« Haut les filles » : le documentaire de François Armanet sur la révolution rock féminine
Fondateur et ex-rédacteur en chef d'Arty Magazine, le grand manitou…
Le journaliste François Armanet revient sur soixante ans de rock français au féminin entre témoignages, images d’archive, et captations de concert. Qui a dit que le rock était une histoire de mecs ?
Le casting laisse rêveur : Jeanne Added, Lou Doillon, Charlotte Gainsbourg, Imany, ou encore Jehnny Beth. Présentées les unes après les autres, les rockeuses sont mises en scène dans des captations live avant de se poser face caméra pour répondre aux questions de François Armanet. Les interviews permettent de brasser un large rayon de sujets : de leur définition du rock à leur rapport au féminisme. Le dispositif, pas vraiment novateur, est cependant magnifié par la personnalité des filles et la réalisation haut de gamme.
François Armanet remonte le temps des années 60 à nos jours, amenant cette idée qu’Edith Piaf a posé en première les bases de l’émancipation rock. C’est aussi l’occasion de recontextualiser la naissance des premières icônes féminines, qui de poupées interprètes manipulées par leurs homologues masculins, s’affranchissent peu à peu du patriarcat pour gagner en indépendance. Les témoignages de François Hardy et de la brute de décoffrage Brigitte Fontaine sont de purs moments de kiff.
Dans les premières minutes, la prestation live de Jehnny Beth nous cloue au siège de sauvagerie maîtrisée, à la fois androgyne, puissante, et terriblement sexy. Le meilleur moyen de battre en brèche les idées reçues. Coup de cœur également pour la confidence d’Imany sur sa personnalité de garçon manqué, et sa célèbre voix rauque longtemps qualifiée de « voix d’ogre ». Et enfin, les rires dans la salle pour Brigitte Fontaine ne trompent pas : la signataire du manifeste des salopes nous dévoile son futur morceau où elle chante « À bas le sexe fort, à mort, à mort, à mort ». Inimitable.

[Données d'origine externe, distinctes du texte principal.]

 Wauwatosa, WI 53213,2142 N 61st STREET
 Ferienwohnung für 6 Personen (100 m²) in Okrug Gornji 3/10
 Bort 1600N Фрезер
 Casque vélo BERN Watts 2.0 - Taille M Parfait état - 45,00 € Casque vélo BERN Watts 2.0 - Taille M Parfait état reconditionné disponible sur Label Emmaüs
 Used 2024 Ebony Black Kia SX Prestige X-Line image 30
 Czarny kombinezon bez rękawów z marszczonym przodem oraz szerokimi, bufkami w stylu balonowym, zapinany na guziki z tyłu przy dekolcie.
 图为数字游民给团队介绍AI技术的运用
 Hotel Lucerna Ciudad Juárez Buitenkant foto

Le documentaire se destine clairement aux aficionados du rock français tout en ayant l’intelligence de rester didactique. On regrette que des icônes de la nouvelle scène française comme Christine and the Queens, Clara Luciani ou encore Yelle n’apparaissent pas – la première est évoquée en filigrane. Si on ne boude pas notre plaisir devant Haut les filles, notre reproche principal serait que François Armanet adopte un dispositif télévisuel très sage, qui tranche avec la révolution menée par les filles. Le réalisateur aurait gagné à fondre son image dans l’énergie rock… Pour porter encore plus fort ce discours essentiel.